AWS Startups Blog

Travizory Leverages GitOps and AI to Help Countries Unlock Safe Travel in Just 4 Weeks

Guest post by: Barry McLaughlin – Senior Software Architect, Travizory and Vladyslav Shkola – Startup Solutions Architect

Travizory

As the world begins to reconsider international travel, the challenge many governments now face is how to reopen borders to revive their economies, while keeping local communities safe and minimizing health risks. Lengthy lines and unfamiliar screening processes at many airports make it clear that existing systems simply can’t cope with the ‘new normal’ of traveling. Anticipating the need to navigate this incredibly complex and high-stakes landscape, border security experts Travizory developed a world-leading secure SaaS border security and management platform using cutting-edge biometrics, AI and machine learning technologies that enables countries to safely welcome visitors within a matter of weeks.

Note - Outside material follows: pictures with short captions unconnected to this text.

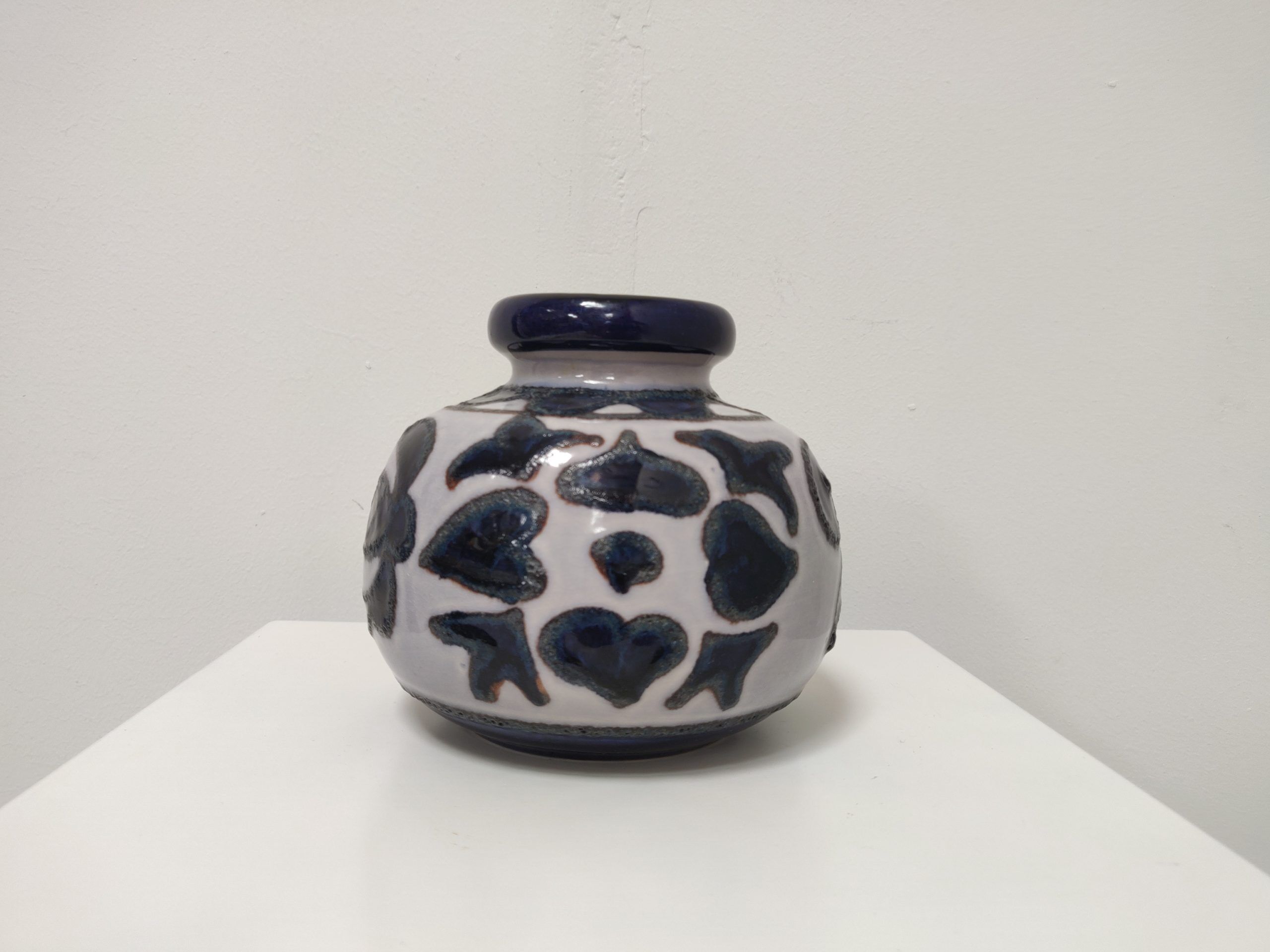 Vase West-Germany blue tones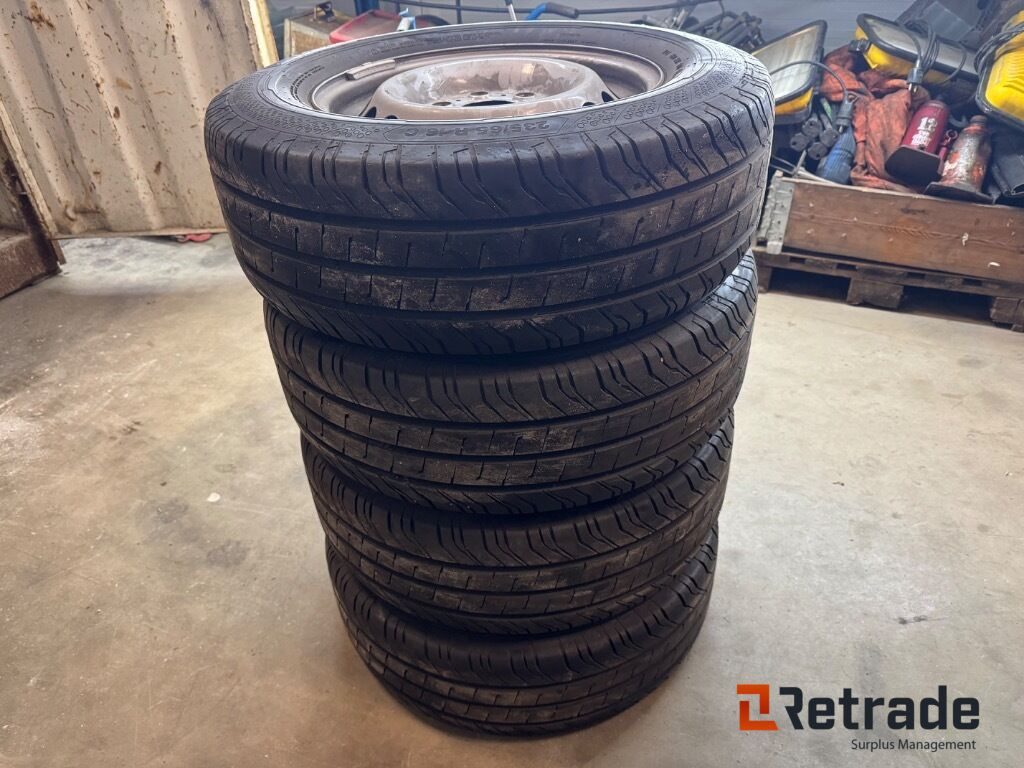 Sommardäck Continental 235/65R16C på fälg MB Sprinter - Строительное оборудование: фото 2 Sommardäck Continental 235/65R16C på fälg MB Sprinter - Строительное оборудование: фото 2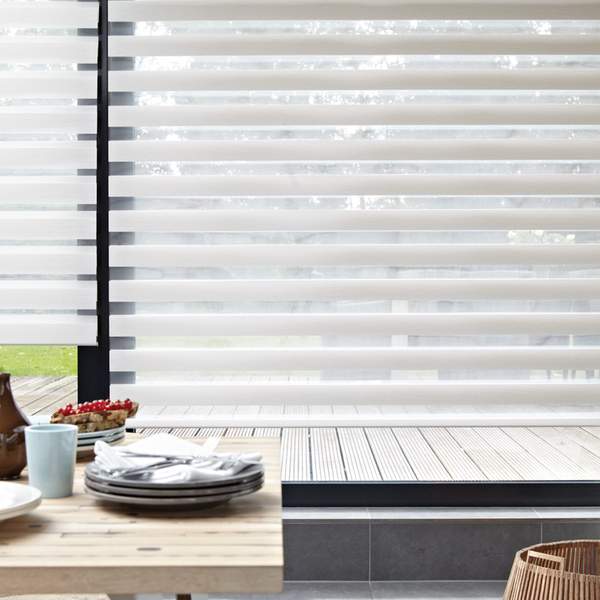Zomerse wooninspiratie: wit met hout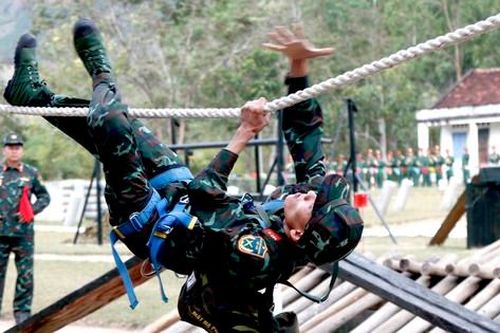 Mục sở thị chiến sĩ Quân đoàn 3 thi tài cứu hộ, cứu nạn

How the Seychelles opened their border in 2 weeks

Our Visitor Management Platform offers an easy to deploy, highly available, secure, system for governments around the world, including the idyllic islands of the Seychelles in the Indian Ocean.

In September 2020, Seychelles implemented a facial travel authorization system to streamline travel for visitors, requiring tourists to pre-submit information about their trip online, including hotel address, passport information, and vitally, proof of a negative PCR test before being granted permission to enter the Seychelles. Without this pre-authorization, airlines operating in Seychelles are instructed not to allow the passenger to board the flight.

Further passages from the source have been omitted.